Mark Montague DPE Checkride Gouges
Designated Pilot Examiner • (Mark William Montague) • Location coming soon
↓ View 1 available gouge reportOral Emphasis
Montague leans heavily into weather knowledge, airspace, and regulations. Expect to discuss atmospheric stability, lenticular clouds, and the difference between SPECI and METAR reports. He also focuses on NTSB reporting requirements — he uses real-world scenarios (like a passenger injury) to test whether you actually know what's reportable and what isn't. Airspace planning is a big deal: understand terminal area charts, airways, and be ready to plan your navlog through Class C airspace and any active TFRs (Beale AFB TFR is a likely topic).
Common Questions
- Questions about aircraft systems at a deeper level — for example, why control surfaces like ailerons and flaps are corrugated, not just what they do.

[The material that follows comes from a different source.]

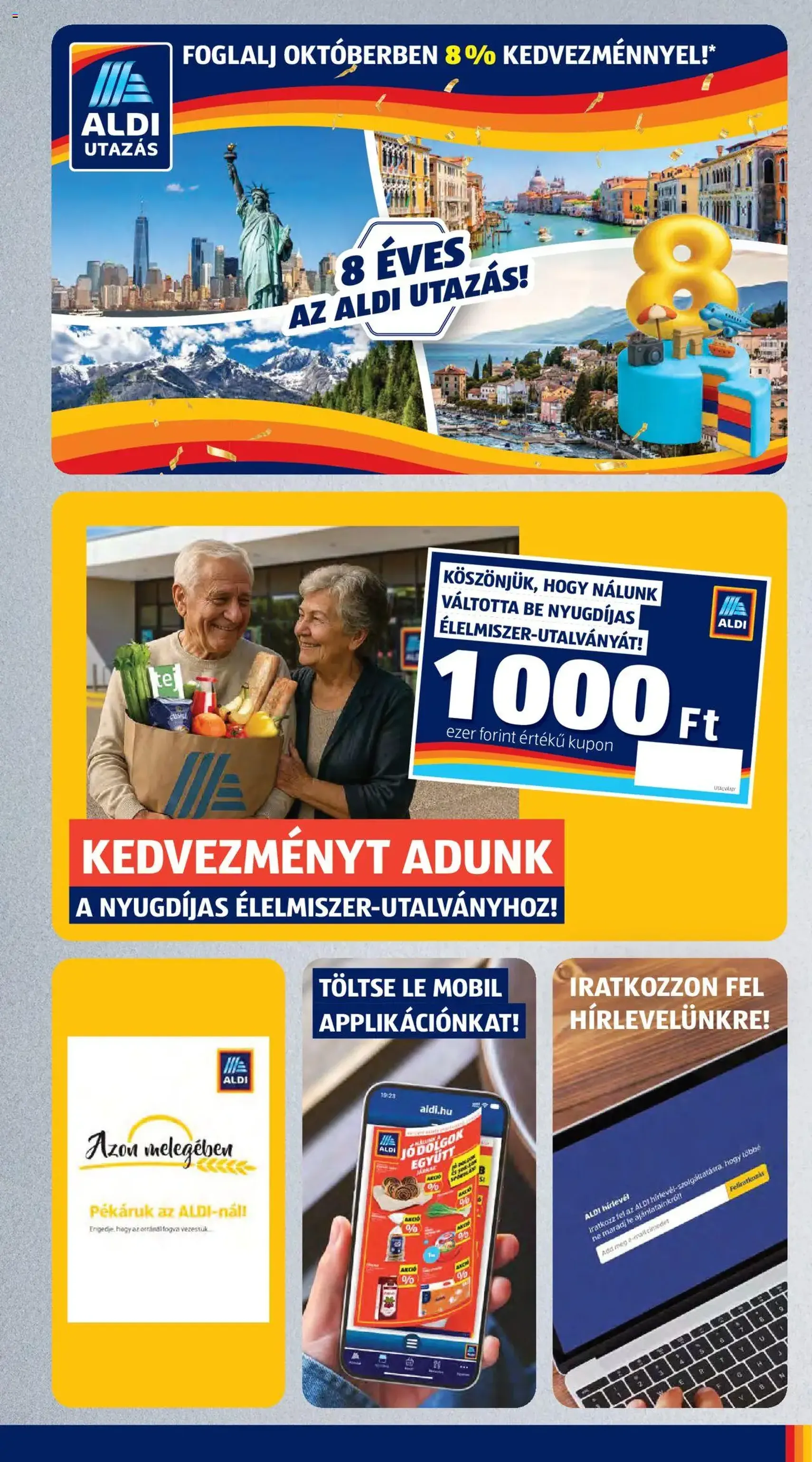 Aldi Akciós újság - 2025.10.09. érvényes szórólap 3 oldal 48 oldalból Aldi Akciós újság - 2025.10.09. érvényes szórólap 3 oldal 48 oldalból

- Scenario-based NTSB reporting questions to see if you can distinguish between what must be reported and what doesn't need to be.
- Weather interpretation: stable vs. unstable atmosphere, cloud types and what they indicate, and how SPECI reports differ from routine METARs.
- Expect him to probe your knowledge of ICEFLAGS and TTMCPRAWNS mnemonics.
Practical Focus
- Soft field takeoff and landing — he gave the entire runway to work with, so don't expect a short-field setup for this maneuver.
- Stalls performed with a bank angle (around 15°), not just wings-level.
- Slow flight conducted in clean configuration (no flaps).
Examiner Style
Montague is conversational and will talk through topics with you rather than firing off rapid quiz-style questions. He's not trying to trick you — he genuinely wants to see that you understand the material. He's a big advocate of talking to ATC and using flight following; he values pilots who communicate and appreciate having "an extra set of eyes" from controllers. If you show that mindset, you'll be speaking his language.
What Surprised Pilots
- The aircraft systems question about corrugated control surfaces caught pilots off guard — it's a design/engineering detail most students don't study.
- Stalls with a bank angle rather than wings-level was unexpected.
- His emphasis on wanting pilots to actively use ATC services and plan routes through controlled airspace (rather than around it) stood out as a philosophical preference, not just a test topic.
Ratings & Checkride Types
- PPL (Private Pilot)
Transparency Disclaimer: This page summarizes patterns reported by applicants. It is not an endorsement, prediction, or guarantee of checkride outcome. Every checkride varies based on the applicant and circumstances.